CONTRIBUTOR
Chief Content Officer,
Techstrong Group

A global survey of 2,362 small to medium-sized businesses (SMBs) finds 19% of nearly all the decisions being made are heavily data driven, while more than half (54%) report that business decisions are mostly data driven.

Conducted by S&P Market Intelligence 451 Research on behalf of Amazon Web Services (AWS), the survey also finds among organizations that are highly data-driven companies 65% reported “significantly” or “moderately” financially outperforming their peers, whereas only 33% of less data-driven companies reported being able to make the same claim.

More than twice the percentage (69%) of highly data-driven organizations reported having a modern comprehensive data strategy compared to those that are less data-driven (28%), the survey finds.

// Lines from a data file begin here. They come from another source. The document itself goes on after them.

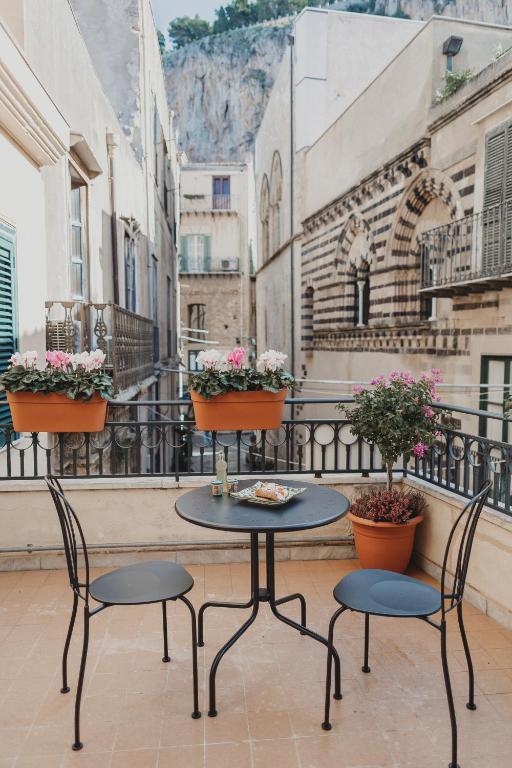 a table and chairs on a balcony with flowers at Dimora le Due Sicilie in Cefalù
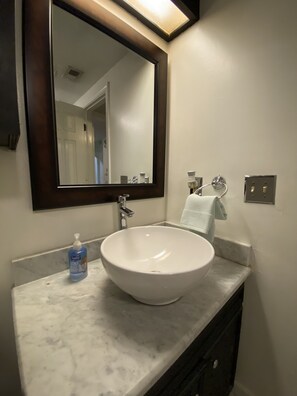 Hair dryer, towels, soap, shampoo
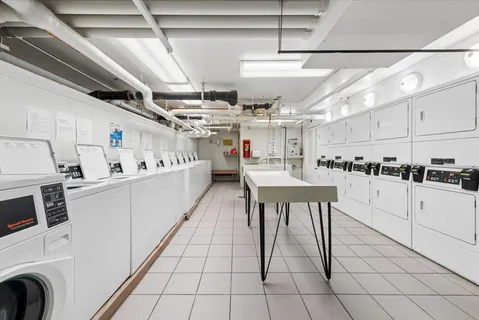 a kitchen with stainless steel appliances granite countertop a sink and white cabinets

In North America, the majority of highly data-driven (74%) companies are among the highest level of data strategy maturity, which is more than twice the percentage of less data-driven companies (35%). In North America, 92% of highly data-driven companies invested in technology, followed by people (72%) and process (71%). Less data-driven companies (73%) were almost 20% less invested in technology, people (65%) and processes (56%).

The survey makes it clear that the more data savvy an organization is the higher it performs, says Ben Schreiner, head of business innovation for SMBs in the U.S.

Those companies are also going to be among the best positioned to exploit advances in generative artificial intelligence (AI) such as the Amazon Q generative AI–powered assistant for automating processes, he adds. “You need to get your data house in order to realize the potential of AI,” says Schreiner.

In fact, the survey finds highly data driven SMBs in North America are either currently using, or piloting, AI for customer satisfaction/experience (74%), IT operations and cybersecurity (62%), operations and finance (60%), content creation and data analysis (60%), supply chain optimization (48%), workforce, human resources and legal (46%) and marketing and advertising (45%).

In general, the more organizations view data as an asset to be exploited, the more competitive they will be, notes Schreiner.

Of course, most SMBs don’t have nearly the same amount of data to manage as a large enterprise. However, successful SMBs typically build their business around a narrower set of unique data that helps differentiate them from rivals, adds Schreiner.

AWS also makes it simpler to manage data via a Data Exchange Pipeline service, and has certified multiple IT service providers to make data management expertise to SMBs, says Schreiner.

Digital CxOs are at the forefront of converting data into a business asset. Unfortunately, too many organizations still tend to treat data as a burden rather than an opportunity to become more competitive. However, it’s already clear that AI is requiring organizations to change how they view the value of data.

The challenge is that much of the data needed to train those AI models is poorly organized, so many organizations are spending a lot of their time and resources today on mastering the fundamentals of data management. After all, the organizations that can bring order to that chaos first are much more likely to remain competitive. In fact, 2024 is shaping up to be the year that organizations are getting ready to operationalize AI with an eye toward enjoying the benefits of those investments in 2025 and beyond.